Aux côtés des défaillants anglais, il en est d’autres dont le rôle ne fut pas celui d’hommes chargés de conduire et de coordonner l’action du prolétariat international.

Je veux parler, en premier lieu, des dirigeants de la Fédération Internationale Syndicale et plus particulièrement des militants de l’Internationale minière et de celle des Transports.

Que fallait-il pour que les mineurs, et, avec eux, tous les grévistes anglais, obtiennent satisfaction ? Qu’il ne rentre pas un kilo de charbon en Grande-Bretagne !

Qu’on ne dise pas que la chose était impossible. Par les éléments qui la composent, l’Internationale Syndicale d’Amsterdam, qui compte dans ses rangs les mineurs allemands, belges, une partie des français, pouvait, sans la trahison de Frank Hodges et du bureau de l’Internationale Minière, obtenir ce résultat, surtout si l’on considère qu’elle disposait également des transports allemands, belges et d’une partie de ceux de la Hollande et de la France. De même, les dockers d’Allemagne, de Belgique, de France et de Hollande pouvaient l’aider à. rendre efficace le blocus de l’Angleterre.

J’ajoute, pour être précis et complet, que si les forces d’Amsterdam — mieux placées pour des raisons géographiques et de fait — avaient été appelées à l’action, celles des Internationales de Moscou et de Berlin auraient rendu total le blocus des Îles Britanniques.

Mais la Fédération Internationale d’Amsterdam semble s’être donné comme objectif de sauver la bourgeoisie et non de libérer le prolétariat. Peut-être aussi a-t-elle eu peur d’être débordée ? Peut-être a-t-elle craint de voir le mouvement déborder le cadre anglais et s’étendre à une partie du continent européen ? Tout cela est possible.

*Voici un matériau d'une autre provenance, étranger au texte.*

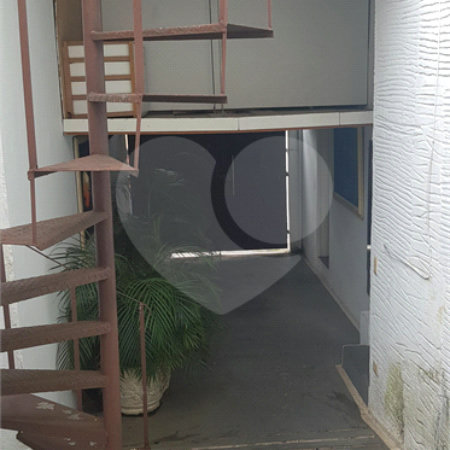 Sobrado à venda com 18 suítes em Saúde, São Paulo, SP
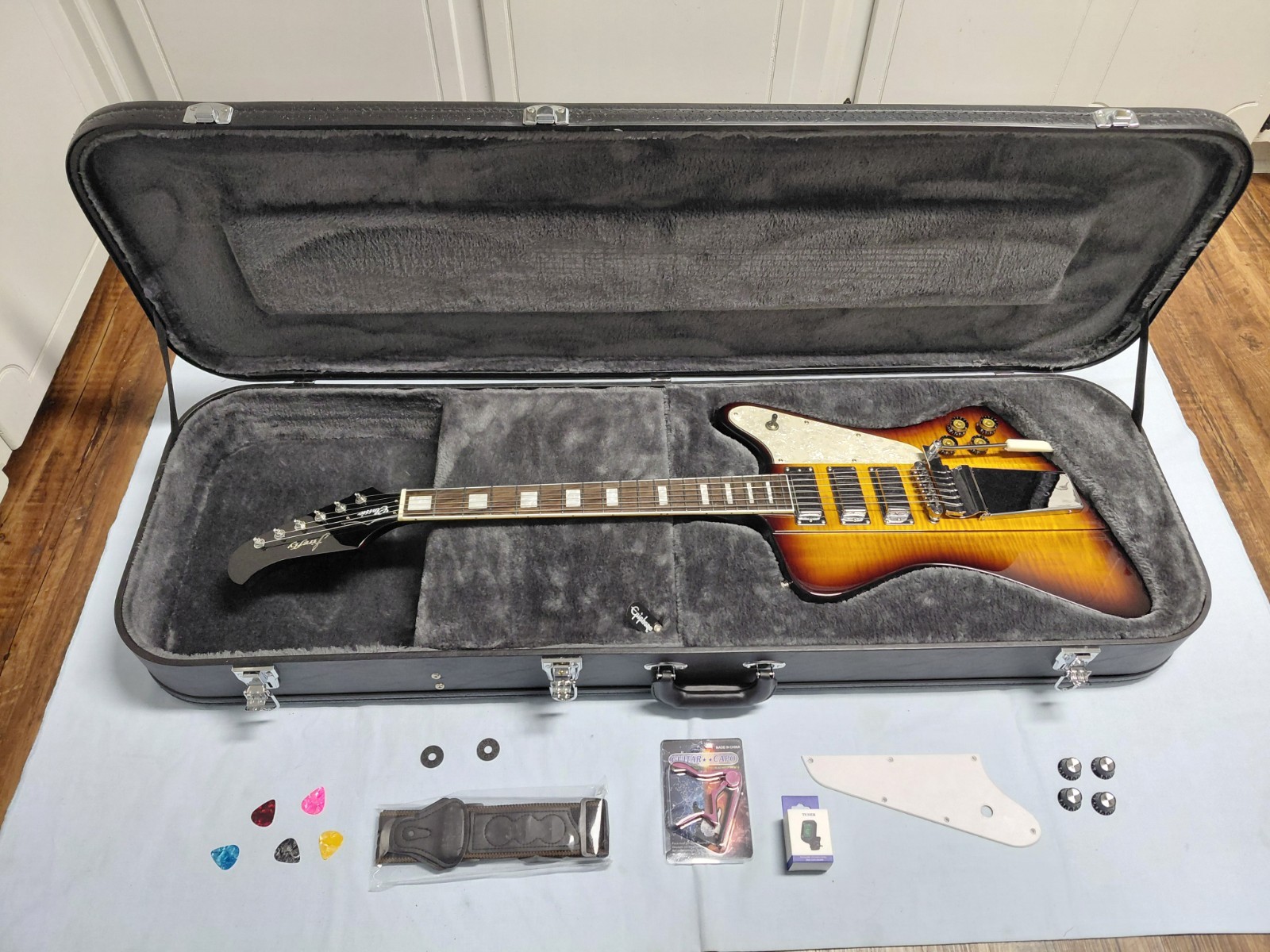 Firefly Firebird Electric Guitar – Sunburst – Custom Upgrades w/ Epiphone HSC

En apparence, l’Internationale Syndicale Rouge fit meilleure figure. Elle secourut largement les grévistes en général ; elle le continue vis-à-vis des mineurs. C’est bien, assurément, mais n’eût-il pas été mieux d’engager ses forces, de tenter d’entrainer le reste ? Et puis, qui oserait soutenir que ce secours donné aux mineurs est désintéressé, qu’il ne vise pas à permettre au « Minority Movement » de mettre la main sur la Fédération des mineurs anglais, sur les Trade-Unions tout entières pour utiliser cette force d’une façon particulière qui n’a certainement rien de commun avec les buts que poursuivent les mineurs britanniques ?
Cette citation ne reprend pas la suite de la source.